The small-business 401(k) platform, known as Advisor Alliance, provides Merrill Lynch investment and advisory services along with record keeping and retirement plan administration services to small businesses. At the start of 2011, the program's assets stood at a record $26 billion, up from $22 billion at the end of 2009 and $17 billion at the end of 2008.

B of A Merrill Lynch projects that the platform, which around the middle of last year touched about 900,000 participants, could reach 1 million by the end of this year, at more than 40,000 employers. The growth appears to be largely driven by companies with $5 million to $25 million in retirement plan assets, Linton said.

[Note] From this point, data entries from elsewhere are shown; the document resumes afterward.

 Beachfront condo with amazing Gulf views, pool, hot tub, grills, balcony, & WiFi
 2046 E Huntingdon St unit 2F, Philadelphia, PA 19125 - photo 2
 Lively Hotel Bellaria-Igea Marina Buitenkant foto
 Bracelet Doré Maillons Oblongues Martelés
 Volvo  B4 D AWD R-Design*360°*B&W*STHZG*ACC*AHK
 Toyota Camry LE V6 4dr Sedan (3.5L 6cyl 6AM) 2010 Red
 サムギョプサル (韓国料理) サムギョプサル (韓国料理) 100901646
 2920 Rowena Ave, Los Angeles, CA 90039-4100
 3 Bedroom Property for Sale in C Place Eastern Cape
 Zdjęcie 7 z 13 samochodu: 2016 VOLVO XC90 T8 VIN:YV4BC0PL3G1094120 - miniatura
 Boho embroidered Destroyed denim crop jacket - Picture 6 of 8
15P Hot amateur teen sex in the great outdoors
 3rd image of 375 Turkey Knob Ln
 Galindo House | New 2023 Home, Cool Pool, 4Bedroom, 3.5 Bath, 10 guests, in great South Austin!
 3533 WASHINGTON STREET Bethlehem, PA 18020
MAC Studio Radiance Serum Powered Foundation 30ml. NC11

In addition to 401(k) solutions, Advisor Alliance, which until last year was known as MLConnect, has begun delving into the defined benefits arena. B of A Merrill Lynch in April 2011 expanded relationships with two of its 12 preferred partners within Advisor Alliance — John Hancock Financial, a unit of Manulife Financial Corp., and Hartford Financial Services Group Inc. — to include defined benefit plans for small-business clients and prospects with up to $5 million of plan assets.

The expansion grew out of feedback from advisers, said Linton, a former Fidelity Investments executive who joined B of A Merrill Lynch last year. "When I came aboard in July, advisers said, 'We're really only using a sliver of our partners' services,' " he said.

Adding defined benefit plans to the mix makes sense, said Sophie Schmidt, senior wealth management analyst with Aite Group in Boston. Certain small businesses are increasingly returning to the plans as a perk for valuable employees. "It's becoming a way for small businesses to differentiate themselves," she said.

Growing companies in hot sectors are adopting the plans as a tool to retain valuable employees, Schmidt said. And such companies are the kind that may have initial public offers — enriching their leadership and creating potential new assets for advisers, she said.

Later this year, Advisor Alliance will add new preferred partners — Great-West Retirement Services, a unit of Great-West Life and Annuity Insurance Co., slated to join in May — as well as "new capabilities from existing partners," Linton said. "Those are our two focuses for Q2 and Q3."

In 2010, more than 2,000 of B of A Merrill Lynch's 15,500 financial advisers delivered at least one Advisor Alliance solution to a small-business owner client. That's up from 1,750 in 2009.

By the looks of it, the approach can work out well for the advisers, according to Schmidt. For one thing, it enables them to earn a modest ongoing fee for relatively little work, she said. "You don't necessarily have to do much work beyond partner and investment selection," she said. Employees likely often use the platform's self-service tools rather than going to the adviser for guidance, she said.

Also, using the platform to target small businesses provides a great way to gain access to wealthy executives, Schmidt said. "I see it as a great opportunity for Merrill Lynch financial advisers to get great clients that are small-business owners," she said. "Whereas if they go to a large firm, the [top executives] are probably beyond their wealth spectrum, and they probably already have advisers."

The recent enhancements to Advisor Alliance follow several in 2010. For instance, through a redesigned Web-based portal, B of A Merrill Lynch financial advisers review the investment performance of retirement plan funds and generate customizable quarterly reports for small-business owners.

Expanding B of A's retirement business is a crucial goal of Sallie Krawcheck, who took the helm in 2009 as head of its wealth management and brokerage operations. In the small-business arena, nearly 8,200 Merrill Lynch advisers delivered at least one new small-business retirement solution to their clients in 2010, including Advisor Alliance, simplified employee pension plans and simple individual retirement accounts, and B of A Merrill Lynch's Retirement Cash Management Account product. That was up 10% from 2009.

The company's institutional retirement business, which targets larger employers, last year gathered $17 billion of new retirement benefit plan assets, across the 401(k), pension and equity compensation plan markets.